What to do:
The data below should be printed in full, exactly, and without any of its images.

Exercise data:
+-------+

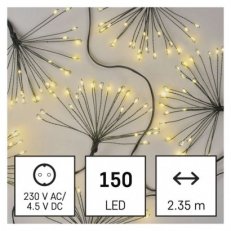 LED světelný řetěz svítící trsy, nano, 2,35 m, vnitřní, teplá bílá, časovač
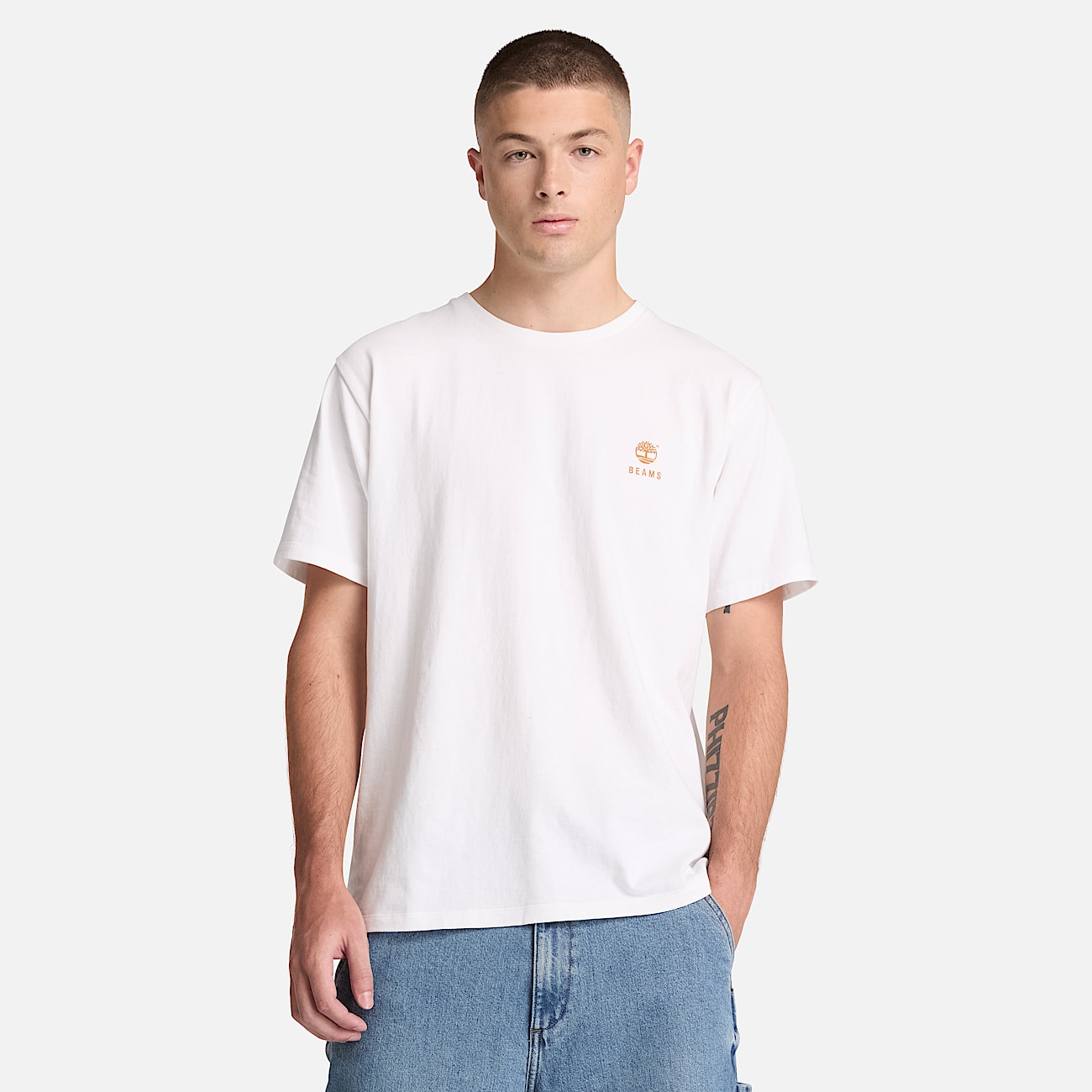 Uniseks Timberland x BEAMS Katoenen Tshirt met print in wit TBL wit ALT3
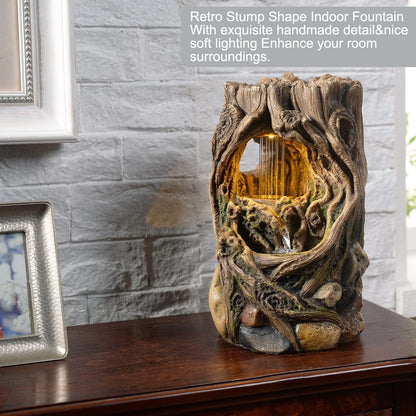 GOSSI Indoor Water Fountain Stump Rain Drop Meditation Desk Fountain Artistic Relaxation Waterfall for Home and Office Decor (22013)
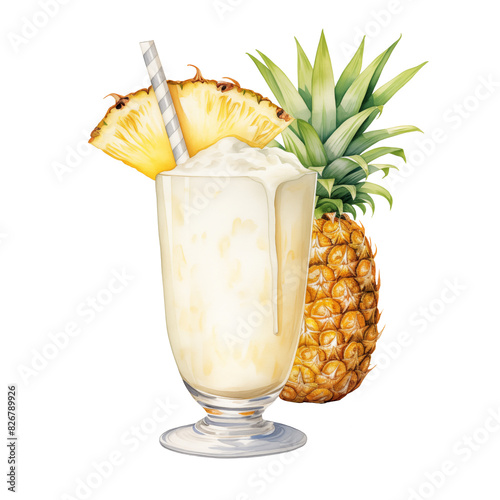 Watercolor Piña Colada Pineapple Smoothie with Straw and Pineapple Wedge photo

+-------+

Result:
 LED světelný řetěz svítící trsy, nano, 2,35 m, vnitřní, teplá bílá, časovač
 Uniseks Timberland x BEAMS Katoenen Tshirt met print in wit TBL wit ALT3
 GOSSI Indoor Water Fountain Stump Rain Drop Meditation Desk Fountain Artistic Relaxation Waterfall for Home and Office Decor (22013)
 Watercolor Piña Colada Pineapple Smoothie with Straw and Pineapple Wedge photo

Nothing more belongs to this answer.